Andy Santerre returns to New Hampshire Intl Speedway for Busch 125 with one win under his belt; plans for more to come in Busch North Series return. LOUDON, N.H. (May 2,2002)-- It's probably not accurate to say that Andy Santerre has set out to...
Andy Santerre returns to New Hampshire Intl Speedway for Busch 125 with one win under his belt; plans for more to come in Busch North Series return.
LOUDON, N.H. (May 2,2002)-- It's probably not accurate to say that Andy Santerre has set out to prove that you really can come home again by focusing on the Busch North Series, NASCAR Touring schedule. Even thought most of his racing since 1998 has been with the NASCAR Busch Series, Grand National Division, he's kept his toe in the Busch North pond as either a driver or an owner all the time.

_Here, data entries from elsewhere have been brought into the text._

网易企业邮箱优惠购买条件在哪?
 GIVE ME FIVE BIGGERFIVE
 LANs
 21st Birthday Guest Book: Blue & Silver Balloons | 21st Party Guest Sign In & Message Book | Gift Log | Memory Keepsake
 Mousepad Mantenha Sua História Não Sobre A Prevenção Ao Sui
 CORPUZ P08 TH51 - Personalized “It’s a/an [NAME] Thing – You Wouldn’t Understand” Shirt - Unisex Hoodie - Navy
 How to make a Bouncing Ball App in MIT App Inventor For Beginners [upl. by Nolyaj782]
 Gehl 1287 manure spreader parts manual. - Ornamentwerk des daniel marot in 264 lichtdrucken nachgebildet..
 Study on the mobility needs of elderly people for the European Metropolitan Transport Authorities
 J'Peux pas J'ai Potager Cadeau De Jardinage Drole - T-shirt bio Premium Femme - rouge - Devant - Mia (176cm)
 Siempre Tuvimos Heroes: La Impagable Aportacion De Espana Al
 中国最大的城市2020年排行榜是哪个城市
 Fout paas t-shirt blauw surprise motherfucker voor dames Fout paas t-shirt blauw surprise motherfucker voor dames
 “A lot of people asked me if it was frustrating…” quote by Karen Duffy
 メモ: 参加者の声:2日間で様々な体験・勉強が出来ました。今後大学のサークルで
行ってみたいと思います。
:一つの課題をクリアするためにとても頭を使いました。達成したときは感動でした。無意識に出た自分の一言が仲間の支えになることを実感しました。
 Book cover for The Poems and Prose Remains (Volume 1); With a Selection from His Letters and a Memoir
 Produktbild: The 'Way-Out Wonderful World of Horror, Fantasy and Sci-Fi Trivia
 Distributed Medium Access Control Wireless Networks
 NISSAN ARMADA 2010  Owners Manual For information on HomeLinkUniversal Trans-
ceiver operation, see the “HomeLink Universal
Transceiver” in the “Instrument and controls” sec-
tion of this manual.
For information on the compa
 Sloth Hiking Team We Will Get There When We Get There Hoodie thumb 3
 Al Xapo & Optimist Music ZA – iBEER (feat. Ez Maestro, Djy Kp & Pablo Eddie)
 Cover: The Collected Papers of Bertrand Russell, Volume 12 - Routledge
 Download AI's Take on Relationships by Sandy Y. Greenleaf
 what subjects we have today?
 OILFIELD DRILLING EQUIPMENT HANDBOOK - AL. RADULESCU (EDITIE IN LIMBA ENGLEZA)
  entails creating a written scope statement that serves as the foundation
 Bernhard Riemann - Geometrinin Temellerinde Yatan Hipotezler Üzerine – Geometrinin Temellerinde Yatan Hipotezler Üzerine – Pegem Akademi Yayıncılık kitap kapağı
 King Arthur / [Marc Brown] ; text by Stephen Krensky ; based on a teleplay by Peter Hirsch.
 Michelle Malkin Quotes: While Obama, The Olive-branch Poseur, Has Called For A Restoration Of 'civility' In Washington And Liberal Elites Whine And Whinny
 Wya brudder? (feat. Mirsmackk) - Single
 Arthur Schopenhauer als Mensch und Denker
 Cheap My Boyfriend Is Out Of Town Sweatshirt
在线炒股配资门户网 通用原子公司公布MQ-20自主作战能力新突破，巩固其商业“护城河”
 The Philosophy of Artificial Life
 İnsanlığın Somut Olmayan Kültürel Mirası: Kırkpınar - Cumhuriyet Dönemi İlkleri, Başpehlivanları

Still, the Cherryfield, Maine native has adjustments to make as he seeks to capture the title which barely eluded him several times in the mid-1990's. The most obvious is the 800 to 1000-mile one-way commute on the interstates from his North Carolina shop to most of the New England tracks the series calls home. He showed no road weariness in winning the season opener at Lee USA Speedway in Lee, N.H. Now he faces another challenge- New Hampshire International Speedway, a track that's provided him with two of his eleven career Busch North Series victories, has changed configuration for the 2002 season
When Santerre and the other Busch North Series teams check into the garage area for the May 9-11 Busch 125, they'll find an extra racing lane has been added to the inside of the turns at the 1.058 mile superspeedway. To help them acclimate, an additional practice session has been scheduled on Thursday, May 9. Regular practice follows on Friday, May 10, with Bud Pole Qualifying at 10:30 a.m. and final practice after time trials for the Busch Series, Grand National Division, which shares the traditional Mother's Day weekend doubleheader at the "Magic Mile". The Busch 125 is set for the green flag on Saturday, May 11, at 3:30 p.m. in front of the SPEED Channel cameras, who will tape the race for broadcast on May 20.
Trying to visualize the changes in a track he's known so well, Santerre observed, "It sounds like they're making the bottom groove the second groove." Changing perspective from driver to chassis expert, he added "I don't think you'll see a lot of setup changes because it's still going to be the same degree of banking. It's going to be a little shorter now around the bottom, so you may need a different gear, but the outside groove might be the fast one now."
Whatever the dynamics of the new layout turn out to be, Santerre expects his instincts and those of his fellow competitors to take over as soon as they hit the track. "Once you've done a few laps, it comes to you," he noted. "It's kind of a natural thing for a race driver to settle in."
Of course, winning in his return to the series last month gave Santerre an immediate shot of confidence, which he hopes to carry over to NHIS. "It's always good to win right off the bat, but that one wasn't easy. There were a couple of cars that were real good, but I got a couple of breaks and got up front," he said in recalling his battle to stay ahead of pursuers Mike Olsen and Mike Johnson in the closing laps.
Speaking of the upgrades the Busch North Series has gone through since he last was a regular in 1997, he added, "I don't think any races are free. You've got a lot of good cars and good equipment now. You've got to try to be the best prepared you can."
"Going to New Hampshire, I'm confident we can go and run in the top five and have a good car that's capable of winning," Santerre concluded.
Last year at this same event, he nearly got to make the trip to victory lane, but as a car owner. Then Tom Carey cut a tire in the closing laps, and the win was denied. This year, Andy Santerre wants to complete the journey, and he hopes to enter victory lane from the best seat in the house.